As noted, pursuant to Gall, we engage in a bifurcated review of the
sentence imposed by the district court. United States v. Delgado-Martinez, 564
F.3d 750, 752 (5th Cir. 2009). First, we consider whether the district court
committed a significant procedural error. Id. at 752-53. If, as in this case, there
is no such error, we then review the substantive reasonableness of the sentence
imposed, as noted above, for an abuse of discretion. Id. at 751-53. “[A] sentence
within a properly calculated Guideline range is presumptively reasonable”.
United States v. Alonzo, 435 F.3d 551, 554 (5th Cir. 2006).

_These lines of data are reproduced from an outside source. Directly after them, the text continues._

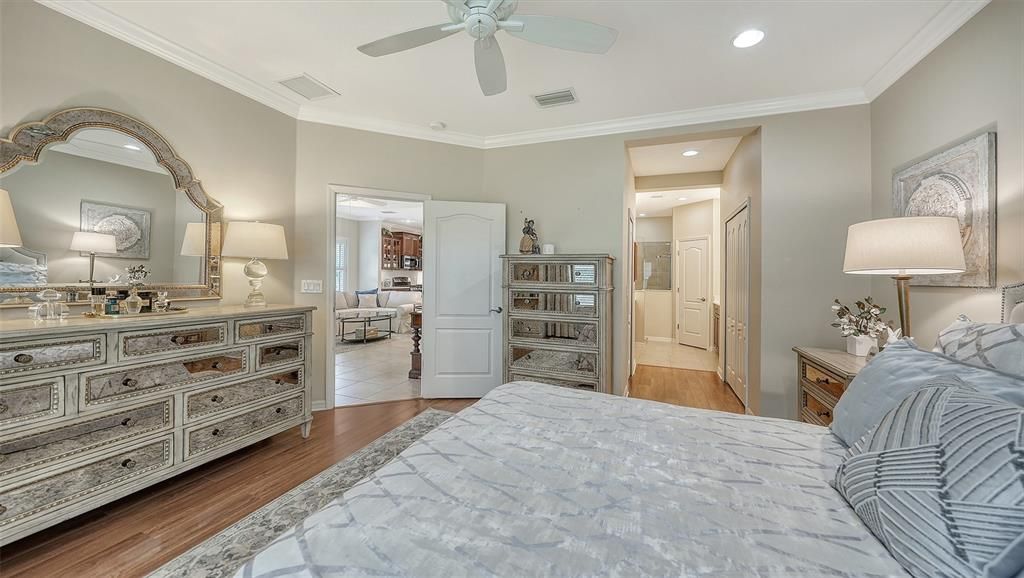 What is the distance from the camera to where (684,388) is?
4406 mm

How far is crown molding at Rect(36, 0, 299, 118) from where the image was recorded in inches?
82.5

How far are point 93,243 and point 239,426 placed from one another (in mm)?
1358

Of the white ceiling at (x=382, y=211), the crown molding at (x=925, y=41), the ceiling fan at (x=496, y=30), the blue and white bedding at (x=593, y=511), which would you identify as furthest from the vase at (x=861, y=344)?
the white ceiling at (x=382, y=211)

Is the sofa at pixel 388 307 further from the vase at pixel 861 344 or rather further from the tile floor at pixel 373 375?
the vase at pixel 861 344

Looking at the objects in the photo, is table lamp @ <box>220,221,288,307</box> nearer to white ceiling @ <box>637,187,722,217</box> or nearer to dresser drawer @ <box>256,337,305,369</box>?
dresser drawer @ <box>256,337,305,369</box>

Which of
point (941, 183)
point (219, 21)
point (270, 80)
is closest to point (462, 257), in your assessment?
point (270, 80)

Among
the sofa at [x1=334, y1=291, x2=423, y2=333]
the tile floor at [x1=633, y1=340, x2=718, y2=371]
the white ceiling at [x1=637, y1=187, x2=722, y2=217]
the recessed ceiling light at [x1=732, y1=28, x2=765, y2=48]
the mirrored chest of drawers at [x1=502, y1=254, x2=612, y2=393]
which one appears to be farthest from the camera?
the sofa at [x1=334, y1=291, x2=423, y2=333]

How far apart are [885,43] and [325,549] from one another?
12.2ft

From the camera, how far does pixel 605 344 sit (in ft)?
10.8

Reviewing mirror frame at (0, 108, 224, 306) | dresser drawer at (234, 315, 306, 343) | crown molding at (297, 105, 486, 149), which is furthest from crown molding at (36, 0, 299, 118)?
dresser drawer at (234, 315, 306, 343)

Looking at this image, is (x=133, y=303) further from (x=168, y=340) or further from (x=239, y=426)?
(x=239, y=426)

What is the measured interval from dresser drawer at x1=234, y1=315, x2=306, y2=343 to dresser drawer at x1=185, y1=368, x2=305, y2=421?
0.93ft

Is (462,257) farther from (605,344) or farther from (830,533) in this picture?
(830,533)

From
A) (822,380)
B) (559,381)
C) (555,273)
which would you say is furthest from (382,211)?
Result: (822,380) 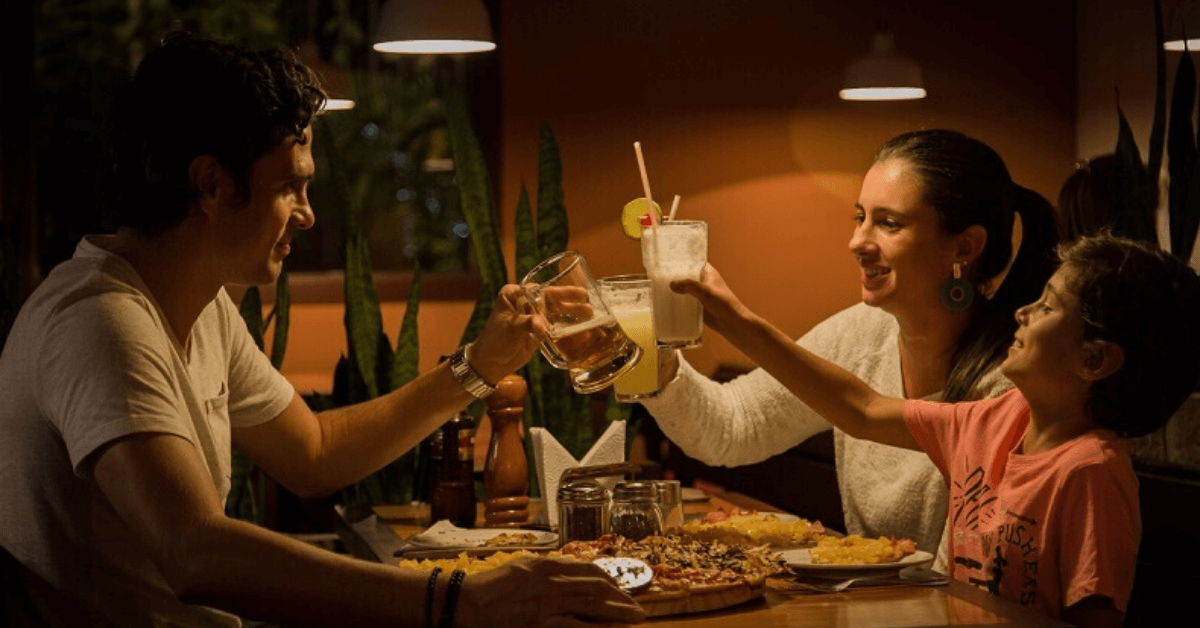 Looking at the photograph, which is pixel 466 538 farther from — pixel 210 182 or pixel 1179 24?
pixel 1179 24

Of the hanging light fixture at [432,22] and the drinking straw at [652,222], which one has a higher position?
the hanging light fixture at [432,22]

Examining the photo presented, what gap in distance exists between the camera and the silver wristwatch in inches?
107

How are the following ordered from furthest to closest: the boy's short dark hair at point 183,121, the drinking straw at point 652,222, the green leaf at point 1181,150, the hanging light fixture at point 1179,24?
1. the hanging light fixture at point 1179,24
2. the green leaf at point 1181,150
3. the drinking straw at point 652,222
4. the boy's short dark hair at point 183,121

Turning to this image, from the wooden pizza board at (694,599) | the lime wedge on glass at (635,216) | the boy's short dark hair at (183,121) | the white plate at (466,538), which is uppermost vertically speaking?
the boy's short dark hair at (183,121)

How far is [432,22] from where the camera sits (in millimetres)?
4148

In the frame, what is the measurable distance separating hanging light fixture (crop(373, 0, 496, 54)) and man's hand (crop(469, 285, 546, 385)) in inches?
61.7

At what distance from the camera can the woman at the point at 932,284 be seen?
284 centimetres

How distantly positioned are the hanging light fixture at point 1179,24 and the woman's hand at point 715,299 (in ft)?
9.34

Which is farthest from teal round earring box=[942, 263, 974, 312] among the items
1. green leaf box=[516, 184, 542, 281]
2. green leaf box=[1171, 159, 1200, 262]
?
green leaf box=[1171, 159, 1200, 262]

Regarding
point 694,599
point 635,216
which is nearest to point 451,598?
point 694,599

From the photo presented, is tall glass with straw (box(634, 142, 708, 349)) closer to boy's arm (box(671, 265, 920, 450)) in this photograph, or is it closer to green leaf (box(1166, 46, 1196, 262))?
boy's arm (box(671, 265, 920, 450))

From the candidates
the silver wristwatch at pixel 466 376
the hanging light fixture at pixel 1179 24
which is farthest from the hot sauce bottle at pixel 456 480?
the hanging light fixture at pixel 1179 24

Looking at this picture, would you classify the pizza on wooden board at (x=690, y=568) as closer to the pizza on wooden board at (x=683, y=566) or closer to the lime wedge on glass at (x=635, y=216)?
the pizza on wooden board at (x=683, y=566)

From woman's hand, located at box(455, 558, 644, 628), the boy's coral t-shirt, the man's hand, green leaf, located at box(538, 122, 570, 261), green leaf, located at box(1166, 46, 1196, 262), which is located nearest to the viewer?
woman's hand, located at box(455, 558, 644, 628)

Acosta first contends the district court erred in applying the applicable
Guideline, § 2L1.2, because it was not empirically based. This contention is
foreclosed by United States v. Duarte, 569 F.3d 528, 529-30 (5th Cir.), cert.
denied, 130 S. Ct. 378 (2009). See also United States v. Mondragon-Santiago,
564 F.3d 357, 367 (5th Cir.), cert. denied, 130 S. Ct. 192 (2009).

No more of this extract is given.